Exercise — Write out every entry exactly as given, but omit the pictures.

(Captioned web images)
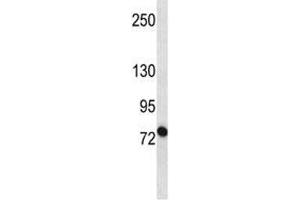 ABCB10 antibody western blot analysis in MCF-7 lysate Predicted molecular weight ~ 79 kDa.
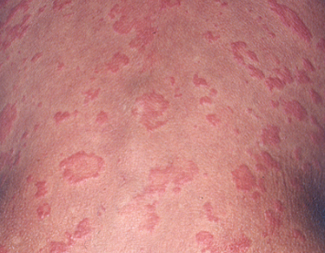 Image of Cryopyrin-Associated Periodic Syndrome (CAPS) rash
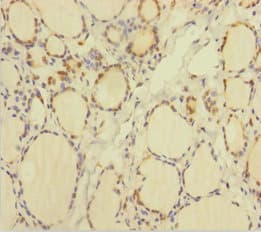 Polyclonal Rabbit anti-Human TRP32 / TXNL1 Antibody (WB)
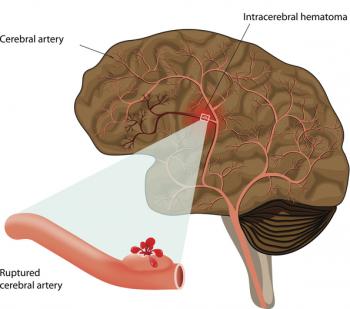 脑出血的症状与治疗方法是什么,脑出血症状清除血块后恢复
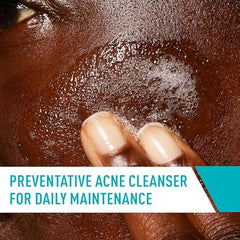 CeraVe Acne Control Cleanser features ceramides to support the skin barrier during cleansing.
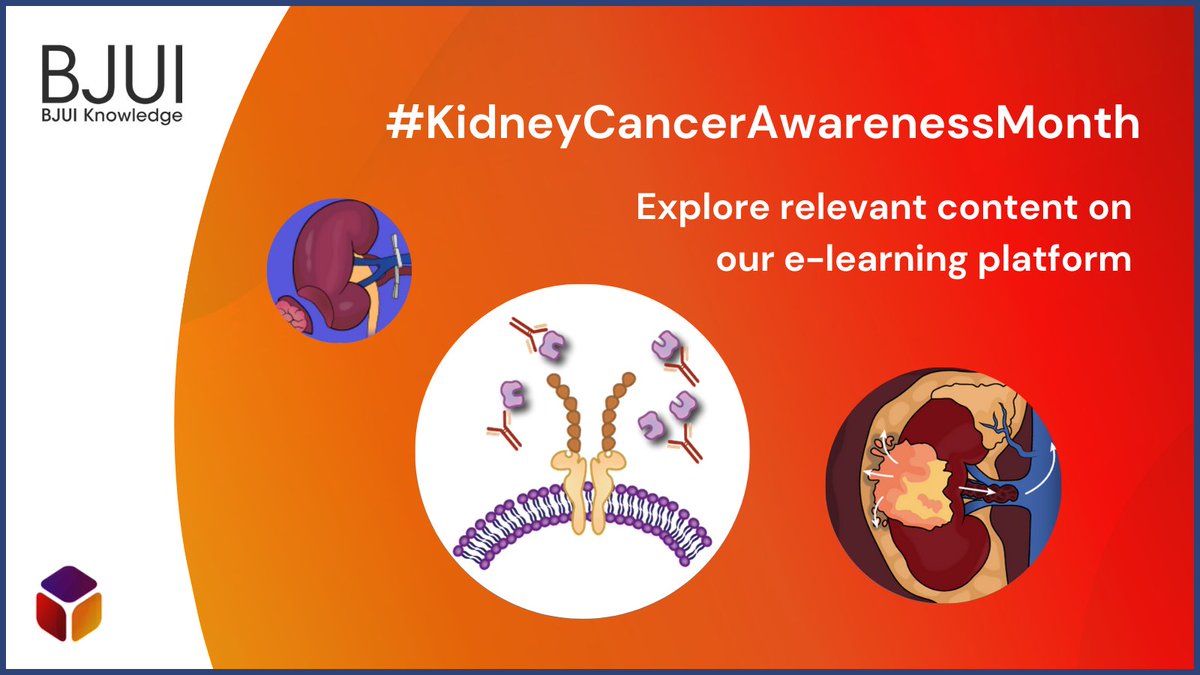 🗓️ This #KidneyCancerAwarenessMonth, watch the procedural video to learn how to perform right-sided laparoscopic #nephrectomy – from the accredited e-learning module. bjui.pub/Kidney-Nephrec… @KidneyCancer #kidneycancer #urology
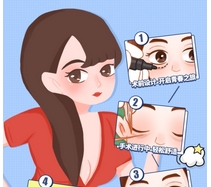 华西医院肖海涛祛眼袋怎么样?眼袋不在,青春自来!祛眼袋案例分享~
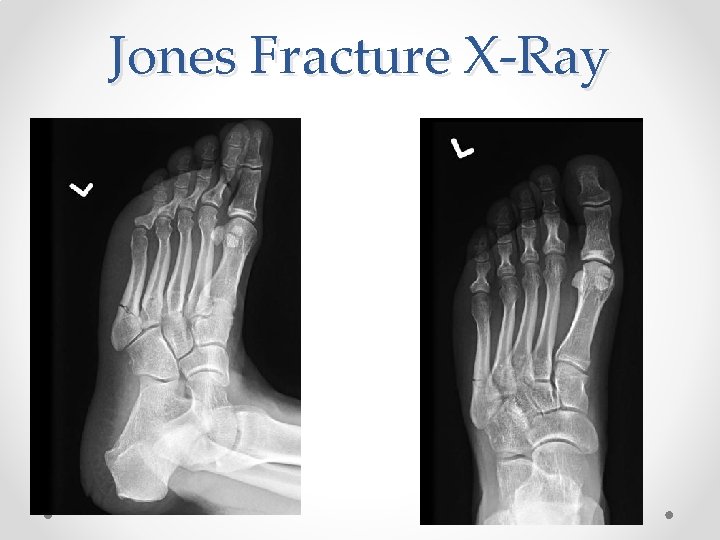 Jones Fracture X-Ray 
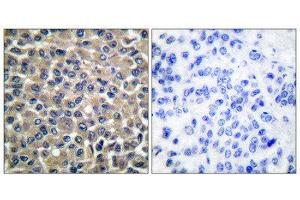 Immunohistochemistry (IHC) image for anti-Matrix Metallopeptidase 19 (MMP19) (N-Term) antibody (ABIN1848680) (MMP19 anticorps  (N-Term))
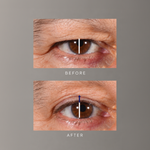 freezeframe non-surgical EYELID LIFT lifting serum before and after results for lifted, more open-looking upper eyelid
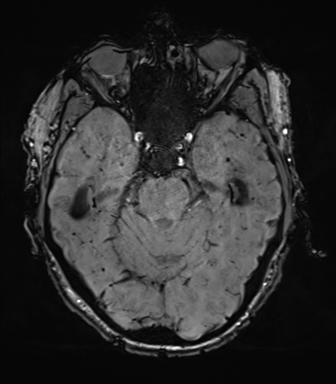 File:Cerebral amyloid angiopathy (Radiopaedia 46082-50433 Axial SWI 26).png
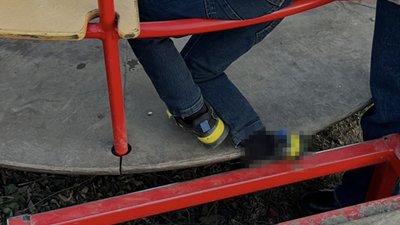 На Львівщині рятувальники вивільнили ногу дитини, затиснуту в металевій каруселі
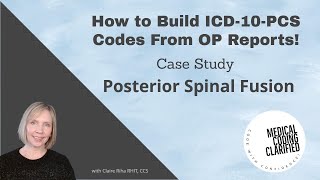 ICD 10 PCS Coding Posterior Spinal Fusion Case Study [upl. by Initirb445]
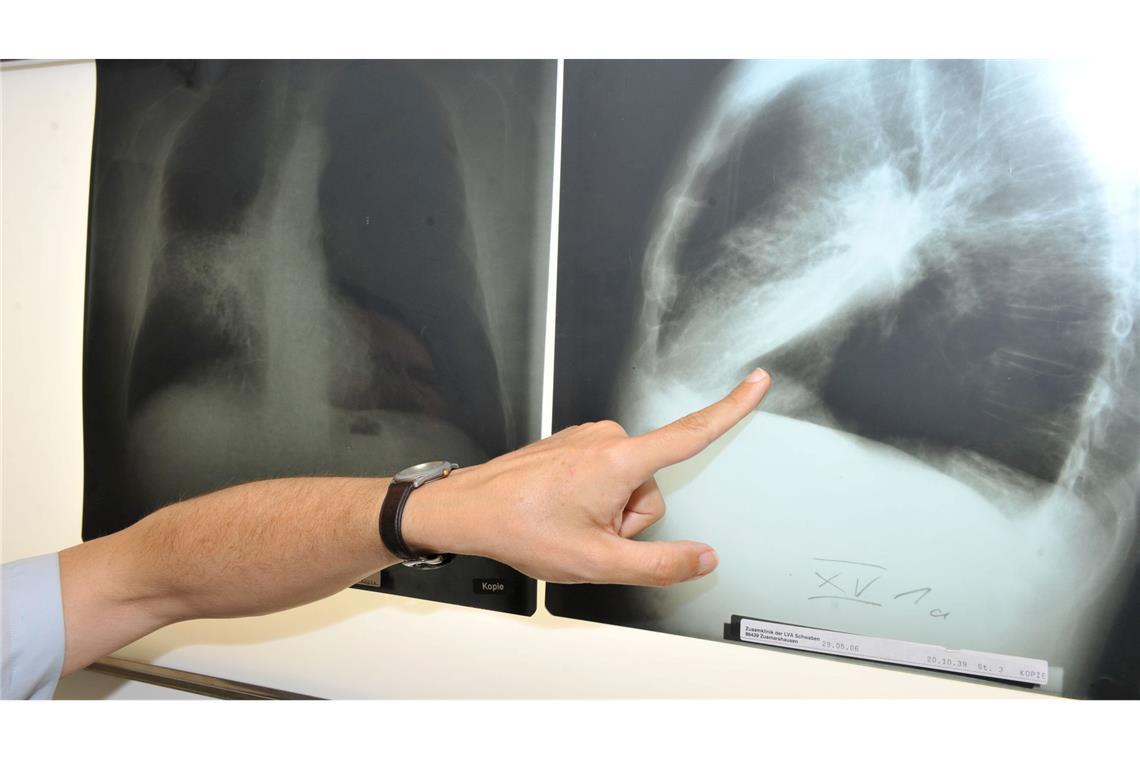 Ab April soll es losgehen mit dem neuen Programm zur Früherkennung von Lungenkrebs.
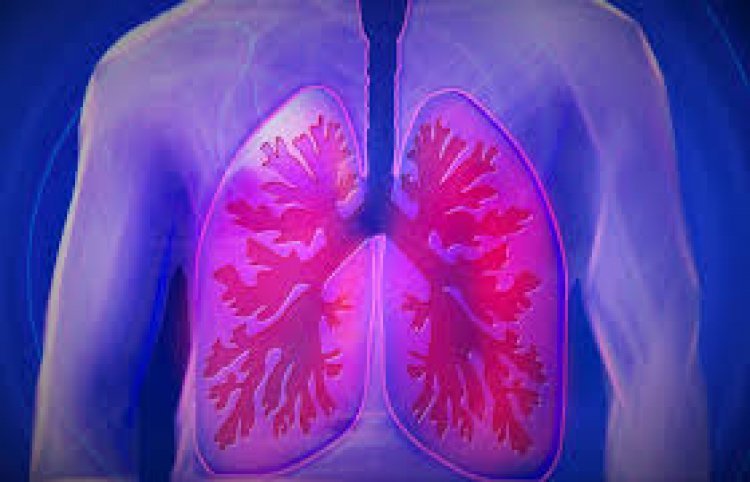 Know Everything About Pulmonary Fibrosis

Response to the exercise —
 ABCB10 antibody western blot analysis in MCF-7 lysate Predicted molecular weight ~ 79 kDa.
 Image of Cryopyrin-Associated Periodic Syndrome (CAPS) rash
 Polyclonal Rabbit anti-Human TRP32 / TXNL1 Antibody (WB)
 脑出血的症状与治疗方法是什么,脑出血症状清除血块后恢复
 CeraVe Acne Control Cleanser features ceramides to support the skin barrier during cleansing.
 🗓️ This #KidneyCancerAwarenessMonth, watch the procedural video to learn how to perform right-sided laparoscopic #nephrectomy – from the accredited e-learning module. bjui.pub/Kidney-Nephrec… @KidneyCancer #kidneycancer #urology
 华西医院肖海涛祛眼袋怎么样?眼袋不在,青春自来!祛眼袋案例分享~
 Jones Fracture X-Ray 
 Immunohistochemistry (IHC) image for anti-Matrix Metallopeptidase 19 (MMP19) (N-Term) antibody (ABIN1848680) (MMP19 anticorps  (N-Term))
 freezeframe non-surgical EYELID LIFT lifting serum before and after results for lifted, more open-looking upper eyelid
 File:Cerebral amyloid angiopathy (Radiopaedia 46082-50433 Axial SWI 26).png
 На Львівщині рятувальники вивільнили ногу дитини, затиснуту в металевій каруселі
 ICD 10 PCS Coding Posterior Spinal Fusion Case Study [upl. by Initirb445]
 Ab April soll es losgehen mit dem neuen Programm zur Früherkennung von Lungenkrebs.
 Know Everything About Pulmonary Fibrosis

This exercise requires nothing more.